ABC News/Washington Post Poll: Iraq Is Bringing Down The Bush Presidency
Image courtesy of the Post
The latest ABC News/Washington Post poll is out this morning, and in a poll taken after Bush’s NSA domestic data mining operation had settled into the collective consciousness of the public for a few days, Bush’s approval rating is now down to 33%, which is its lowest mark ever in this poll. One of the danger signs for the White House in this poll is that Bush’s slippage amongst the base continues unabated, and this poll was taken before his immigration speech had fully set in.
The current president's decline has been particularly steep among Republicans, who until last month had remained generally loyal while independents and Democrats grew increasingly critical. According to the survey, Bush's disapproval rating among Republicans has nearly doubled in the past month, from 16 percent to 30 percent, while his approval rating dipped below 70 percent for the first time.
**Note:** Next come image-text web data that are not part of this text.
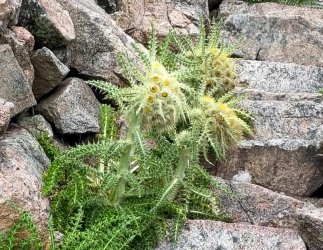 IMG_7349_Moment.jpg IMG_7349_Moment.jpg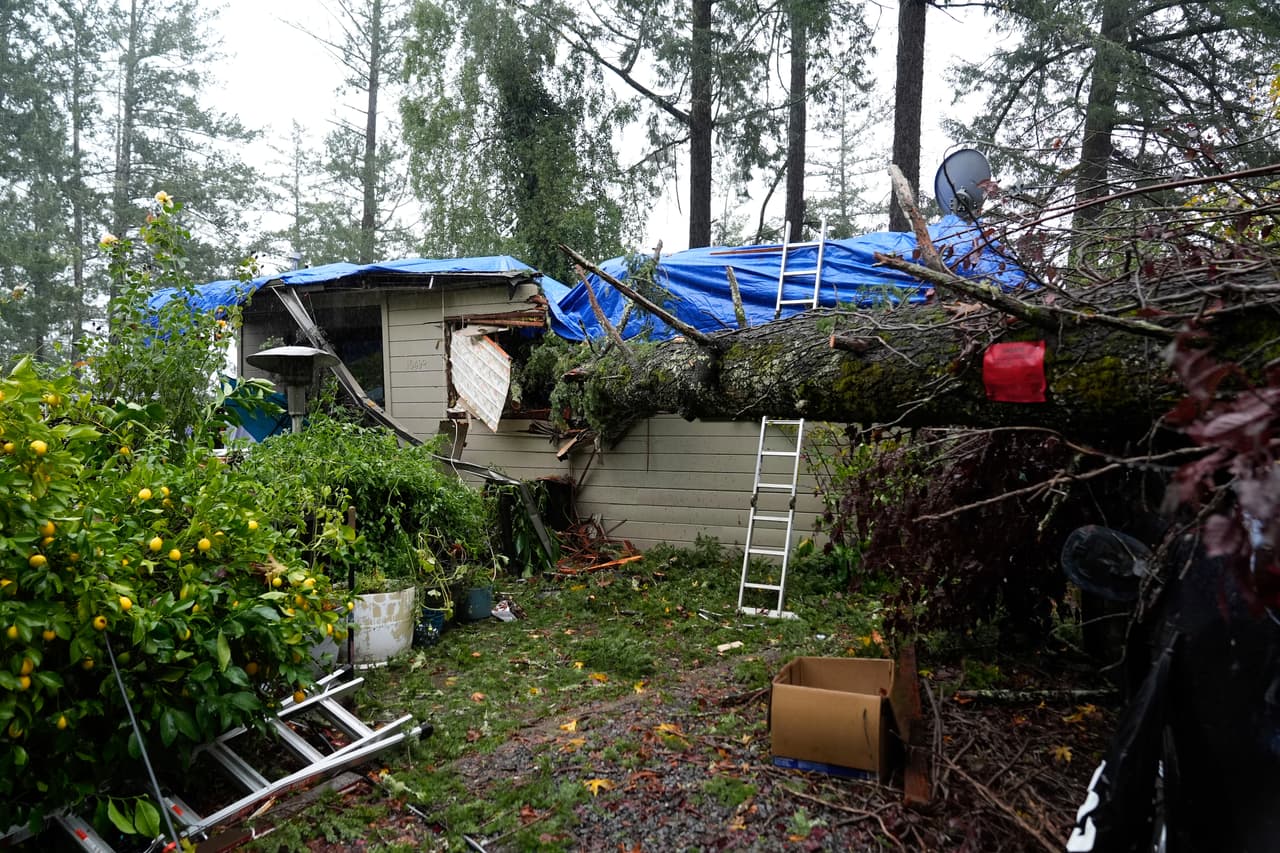Un árbol caído cae sobre una propiedad durante una tormenta, el jueves 21 de noviembre de 2024, en Forestville, California.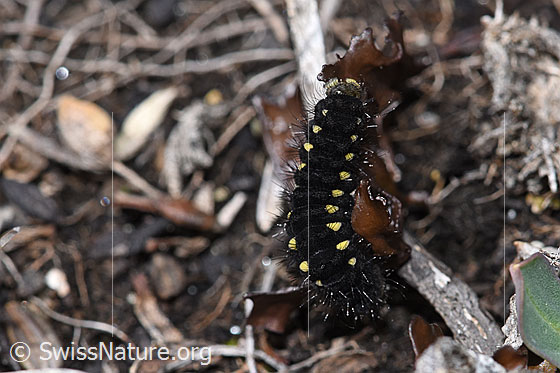 Foto: Raupe des Alpen-Widderchens (Zygaena exulans) an Isländisch Moos (Cetraria islandica). Ansicht von oben.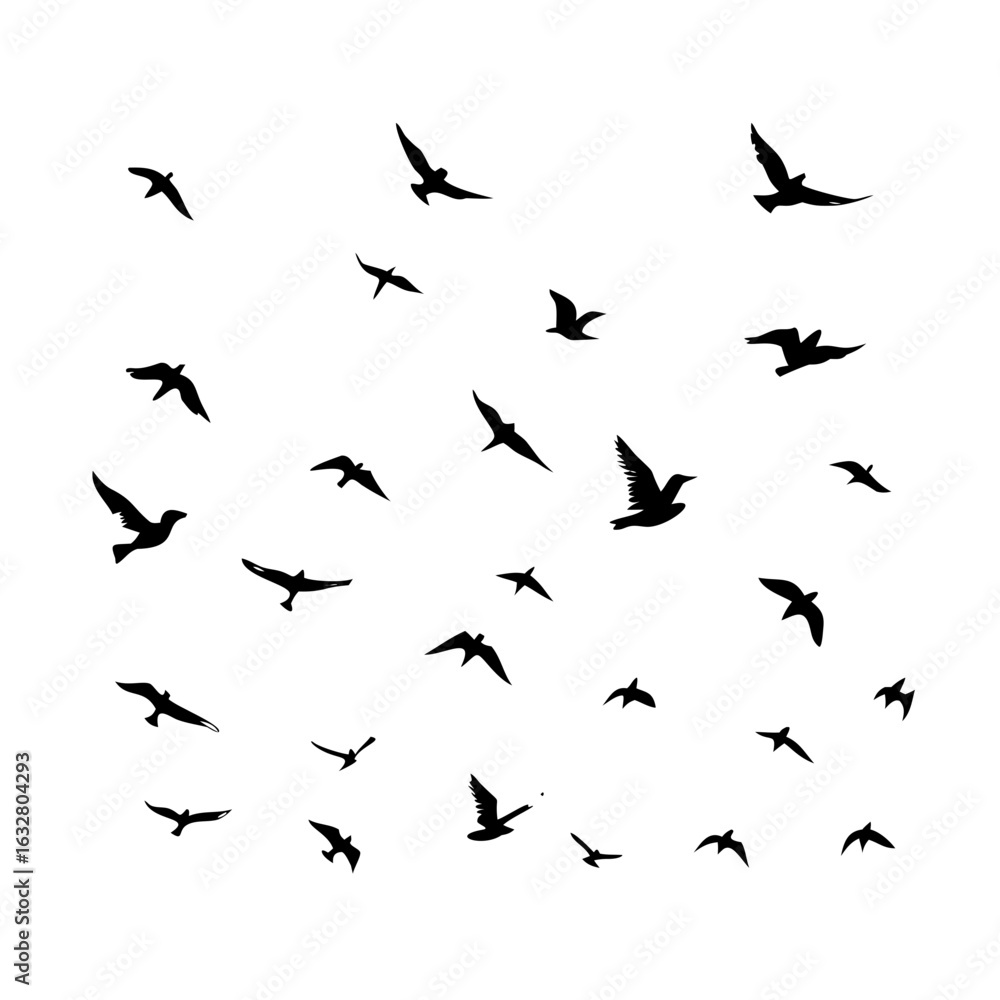 25 Birds: Nature's Colorful Avian Wonders 25 Birds: Nature's Colorful Avian Wonders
Nearly nine in 10 Democrats and seven in 10 independents do not like the job Bush is doing as president.
Some of the major findings in this poll, which had a self-identified party ID breakdown of 33% independents, 34% Democrats, and 28% Republicans show that when asked which party respondents want to control the 2007 Congress, Democrats are preferred by a large margin of 56%-33%.
When asked how they viewed Bush Administration policies, respondents viewed them negatively by a 36% positive, 64% negative result.
Finding its lowest mark ever in this poll, only 37% of the respondents felt going to war in Iraq was worth it, with 62% now saying it wasn’t. 76% now say there have been an unacceptable number of casualties from the war, another new high. 54% think the number of troops in Iraq should be decreased. And 59% say the war was a mistake, another new high.
The right track/wrong track question yielded its largest wrong track number since Bush became president, at 69%.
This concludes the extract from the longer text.